What you have to do ::
Look in the data below for the line that has "Suspension Brilliant Rafa", then print exactly every line from there through the line that has "IVECO Stralis AS440S40T/P - 牵引车:图2 IVECO", leaving pictures out.
Source records Block Start
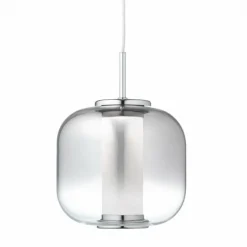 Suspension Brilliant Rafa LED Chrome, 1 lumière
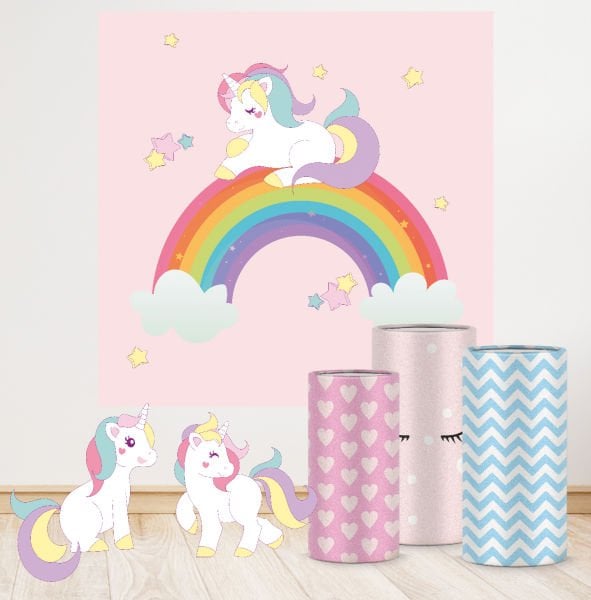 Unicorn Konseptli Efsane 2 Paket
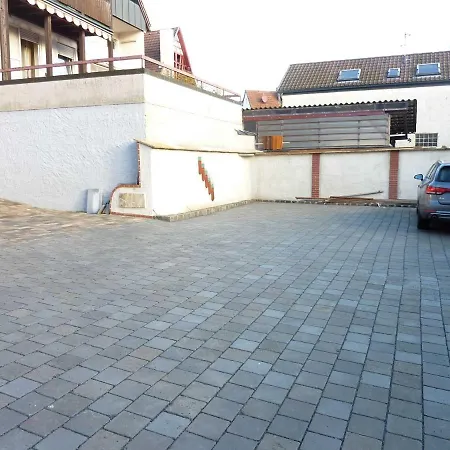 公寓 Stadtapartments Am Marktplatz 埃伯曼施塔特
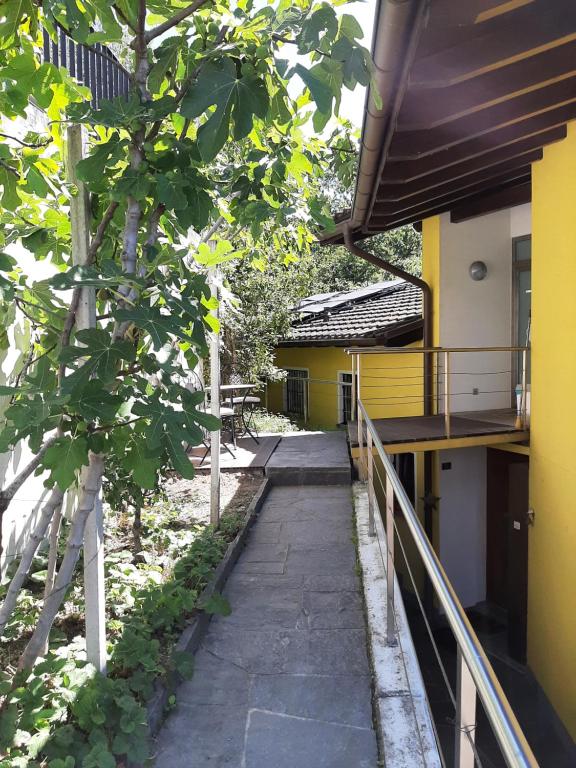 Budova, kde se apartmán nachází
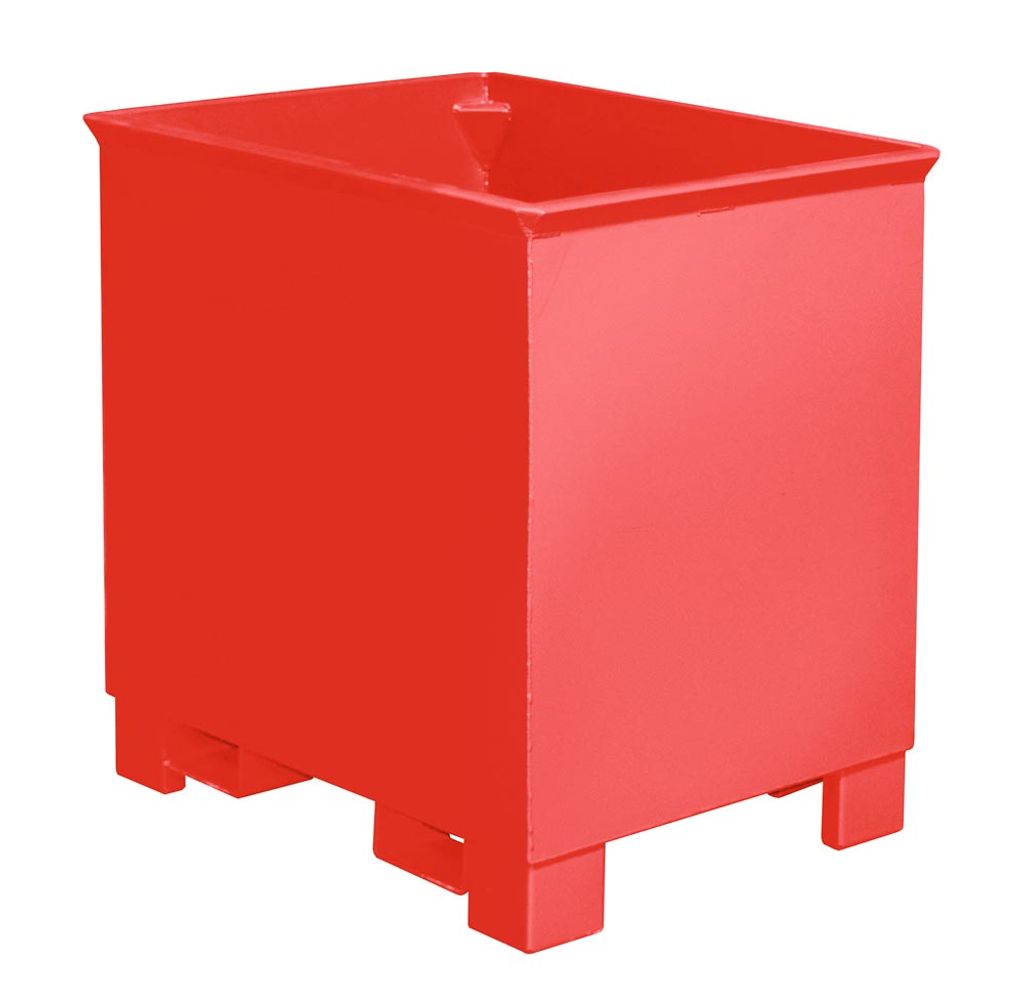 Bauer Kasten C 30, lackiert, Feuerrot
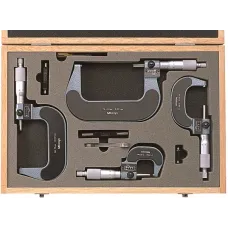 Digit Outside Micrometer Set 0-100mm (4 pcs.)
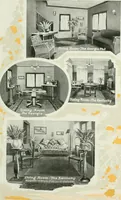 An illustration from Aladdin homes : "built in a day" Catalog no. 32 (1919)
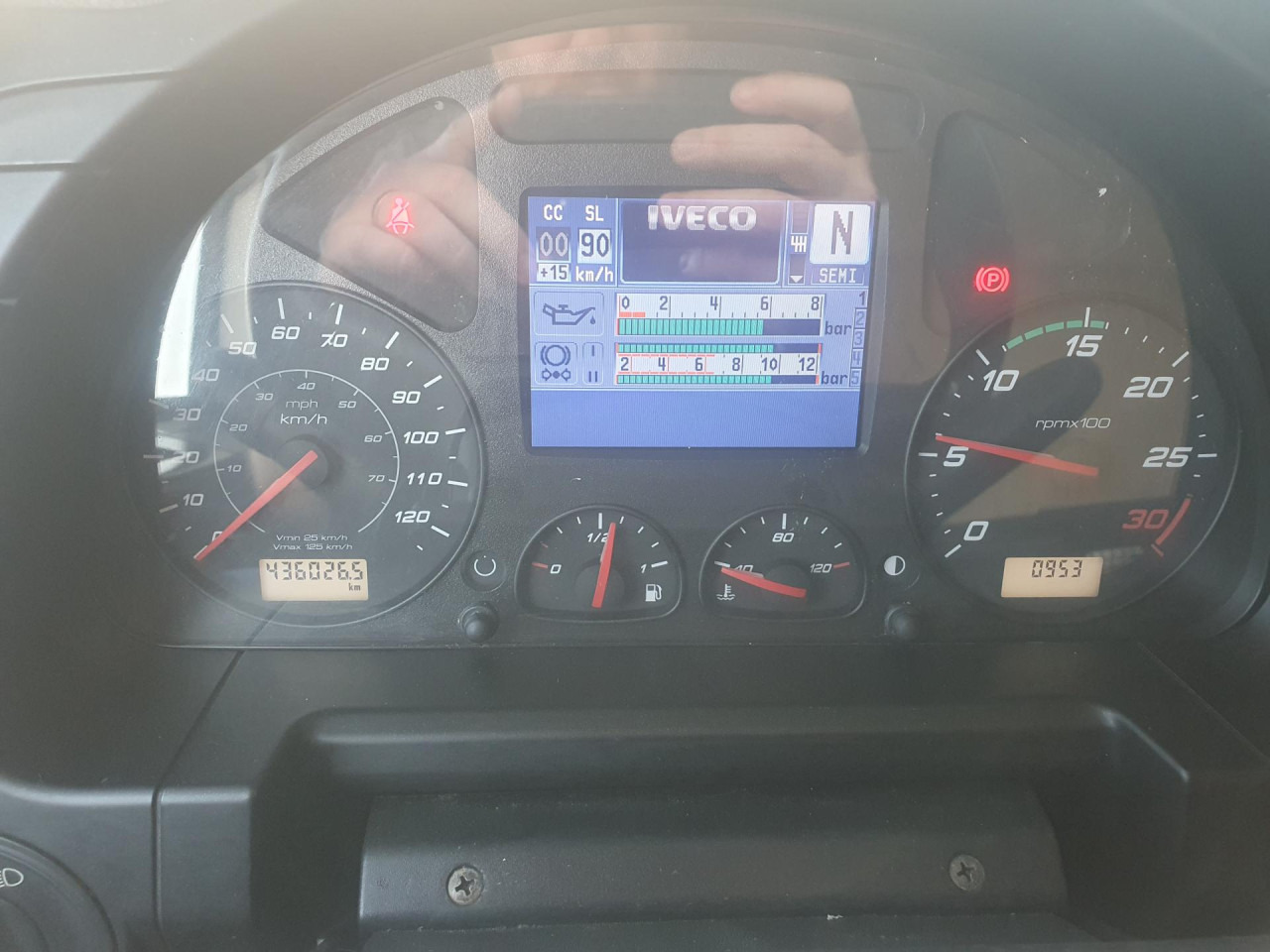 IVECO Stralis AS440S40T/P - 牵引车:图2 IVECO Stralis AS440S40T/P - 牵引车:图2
Source records Block End
Source records Block Start
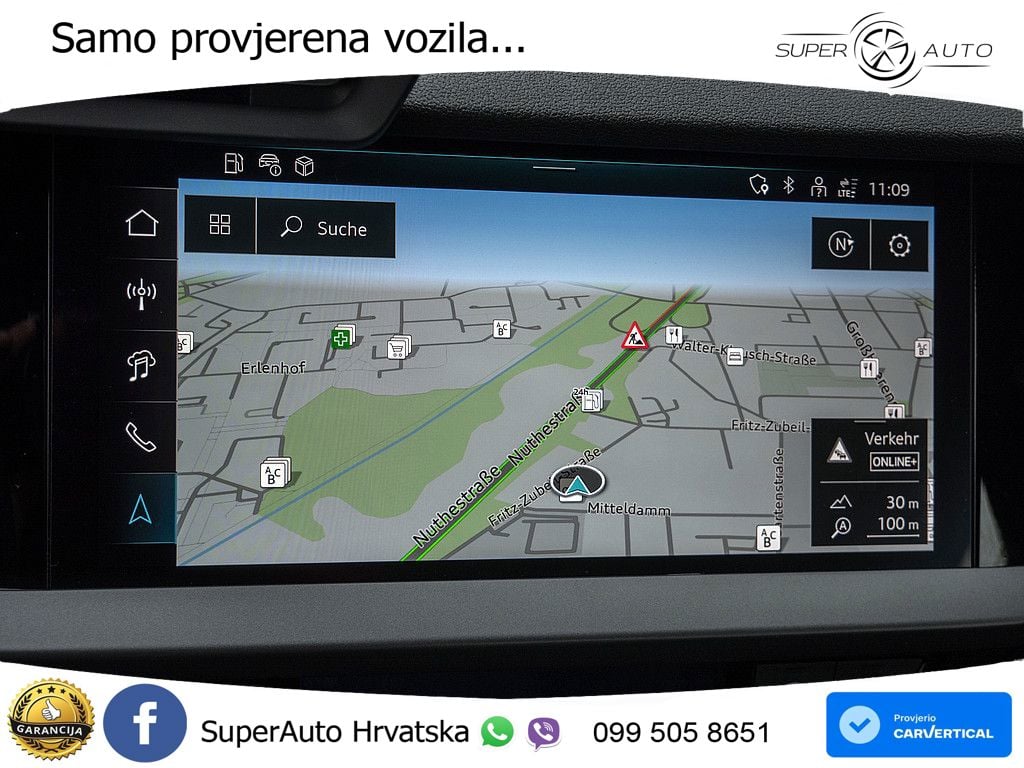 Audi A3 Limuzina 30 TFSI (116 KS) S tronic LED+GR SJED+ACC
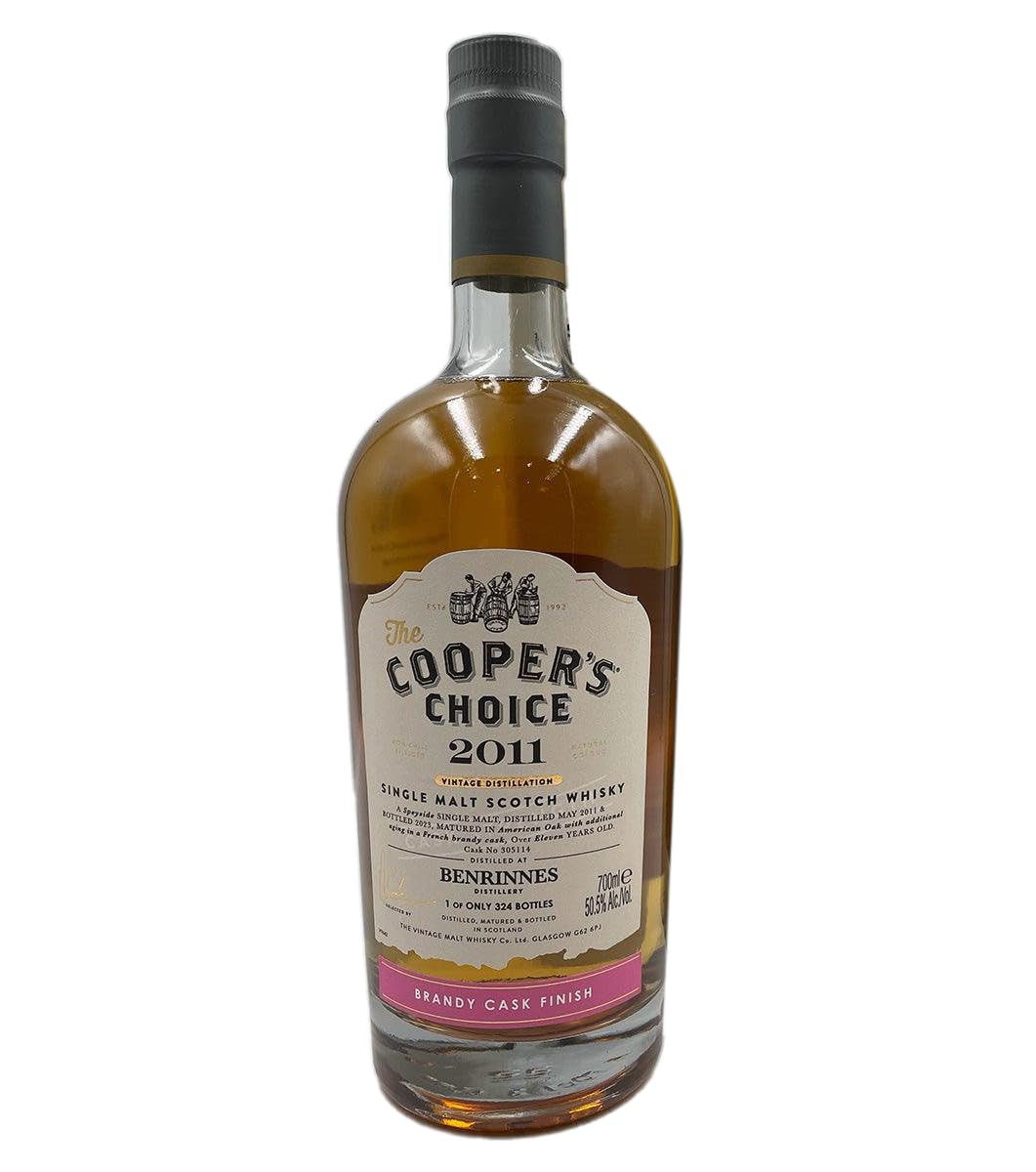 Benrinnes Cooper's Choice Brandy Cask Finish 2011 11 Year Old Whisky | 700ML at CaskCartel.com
Source records Block End
Source records Block Start
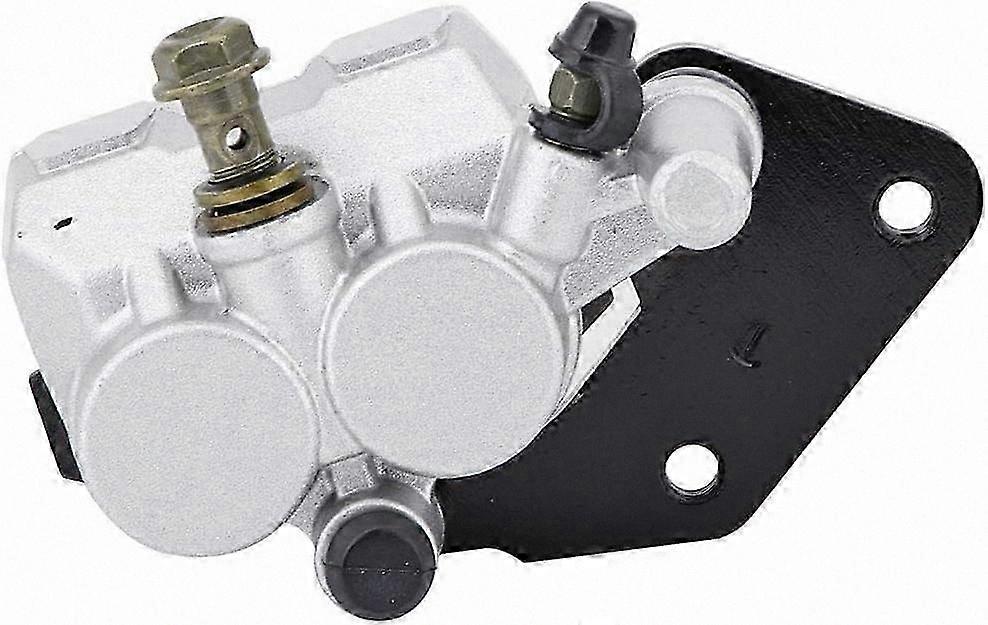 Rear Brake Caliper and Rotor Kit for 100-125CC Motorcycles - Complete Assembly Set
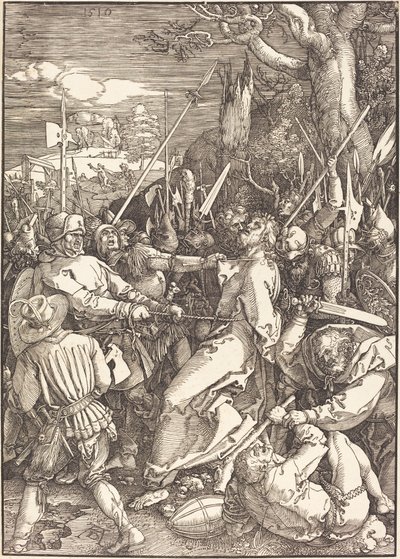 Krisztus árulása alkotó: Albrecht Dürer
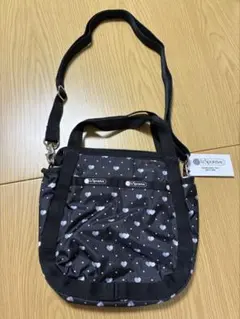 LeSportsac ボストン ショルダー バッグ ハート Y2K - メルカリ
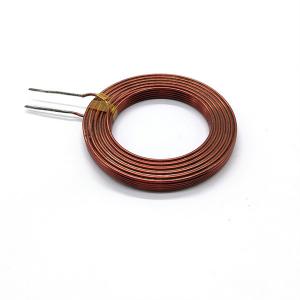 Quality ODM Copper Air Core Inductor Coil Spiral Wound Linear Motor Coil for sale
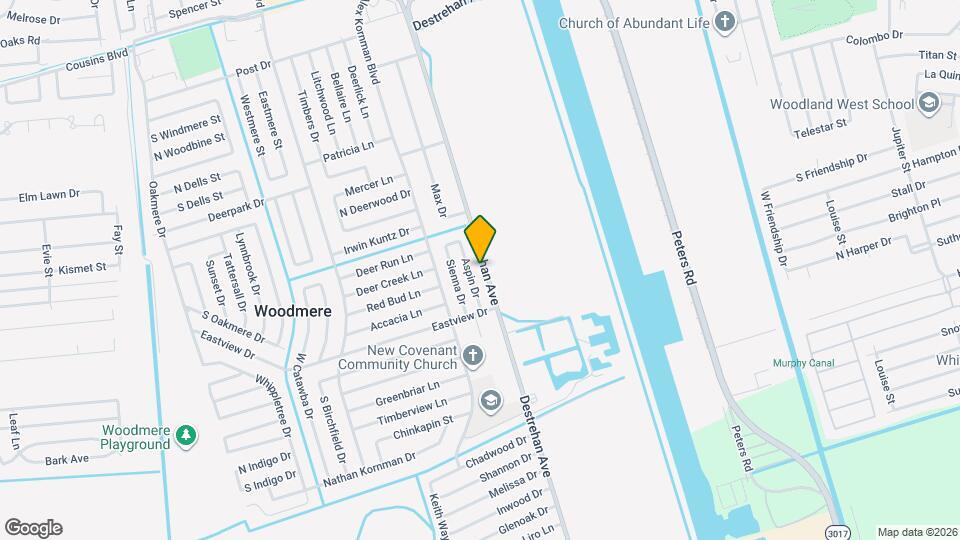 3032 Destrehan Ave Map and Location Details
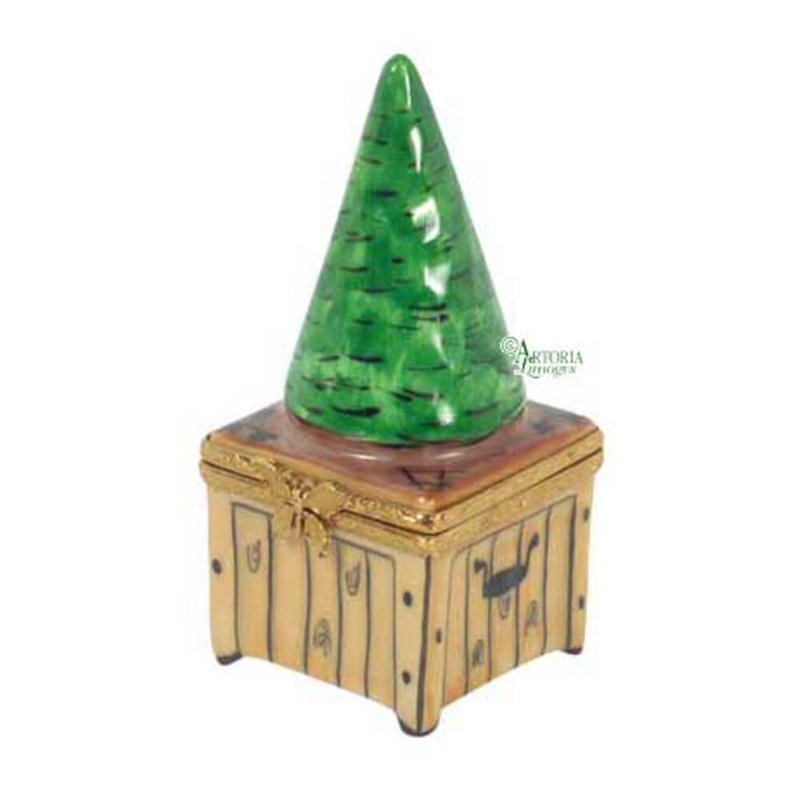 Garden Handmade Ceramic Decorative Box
Source records Block End
Task answer ::
 Suspension Brilliant Rafa LED Chrome, 1 lumière
 Unicorn Konseptli Efsane 2 Paket
 公寓 Stadtapartments Am Marktplatz 埃伯曼施塔特
 Budova, kde se apartmán nachází
 Bauer Kasten C 30, lackiert, Feuerrot
 Digit Outside Micrometer Set 0-100mm (4 pcs.)
 An illustration from Aladdin homes : "built in a day" Catalog no. 32 (1919)
 IVECO Stralis AS440S40T/P - 牵引车:图2 IVECO Stralis AS440S40T/P - 牵引车:图2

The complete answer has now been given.